Hoe verder na werkgerelateerde klachten?
Steeds vaker vallen werknemers langdurig uit door werkgerelateerde klachten zoals overbelasting, burn-out en spanningsklachten. Re-integratie op dezelfde plek waar de problemen ontstonden, brengt de werknemer zelden rust en remt regelmatig het herstel.
Voor de werkgever kan het moeilijk zijn om flexibele vervanging te regelen, aangepaste taken aan te bieden en rekening te houden met verminderde belastbaarheid. Ook zijn de kosten van langdurige werkgerelateerde uitval vaak hoog voor werkgevers.
Daarom willen zowel de werkgever als de werknemer in zo'n situatie meestal tot een werkbare oplossing komen. De volgende mogelijkheden kunnen worden onderzocht:
1. Re-integratie in de eigen rol. Vaak raden bedrijfsartsen, wanneer er een begin van herstel in zicht is, een schema van opbouw van uren aan, met verminderde belastbaarheid en lagere werkdruk.
2. Re-integratie in een andere rol, met aangepaste taken. Soms kan dit ook op een andere afdeling of vestiging zijn, als niet goed voor het herstel is dat de werknemer naar de eigen werkplek terugkeert.

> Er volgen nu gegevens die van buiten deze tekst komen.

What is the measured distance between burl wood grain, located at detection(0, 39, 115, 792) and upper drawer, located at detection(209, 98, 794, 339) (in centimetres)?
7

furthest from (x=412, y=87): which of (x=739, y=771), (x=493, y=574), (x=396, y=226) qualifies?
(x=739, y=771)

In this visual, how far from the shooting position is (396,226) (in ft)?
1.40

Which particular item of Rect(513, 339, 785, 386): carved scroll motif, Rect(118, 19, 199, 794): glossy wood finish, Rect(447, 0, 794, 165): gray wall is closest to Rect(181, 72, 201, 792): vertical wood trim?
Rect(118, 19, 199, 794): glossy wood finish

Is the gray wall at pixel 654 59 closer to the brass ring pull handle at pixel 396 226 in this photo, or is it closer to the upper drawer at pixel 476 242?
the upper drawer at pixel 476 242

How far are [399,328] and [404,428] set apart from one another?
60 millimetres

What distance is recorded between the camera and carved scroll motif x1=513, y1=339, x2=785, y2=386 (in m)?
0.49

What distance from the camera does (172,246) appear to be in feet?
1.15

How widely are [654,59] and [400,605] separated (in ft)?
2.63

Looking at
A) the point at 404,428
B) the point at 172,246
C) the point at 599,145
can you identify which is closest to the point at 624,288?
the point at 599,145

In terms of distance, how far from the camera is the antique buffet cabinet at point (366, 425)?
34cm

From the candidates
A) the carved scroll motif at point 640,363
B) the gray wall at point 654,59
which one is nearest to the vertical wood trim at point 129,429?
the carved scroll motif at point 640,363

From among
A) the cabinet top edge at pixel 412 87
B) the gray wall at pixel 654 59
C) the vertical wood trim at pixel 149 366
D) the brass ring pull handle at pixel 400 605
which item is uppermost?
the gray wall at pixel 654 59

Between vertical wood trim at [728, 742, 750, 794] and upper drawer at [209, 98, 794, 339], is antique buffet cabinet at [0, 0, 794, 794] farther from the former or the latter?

3. Externe re-integratie, ook wel 'spoor 2' genoemd. Hiervoor wordt meestal gekozen bij meer langdurige uitval (in het tweede ziektejaar) en/of wanneer de klachten werkgever- of werkgerelateerd zijn en de werkgever geen vervangende wel passende taken kan aanbieden.
4. Een beëindiging van het dienstverband met wederzijds goedvinden. Er wordt een vaststellingsovereenkomst gesloten. Hierbij moet de sociale zekerheidspositie van de werknemer goed tegen het licht gehouden worden. De timing is hierbij van groot belang.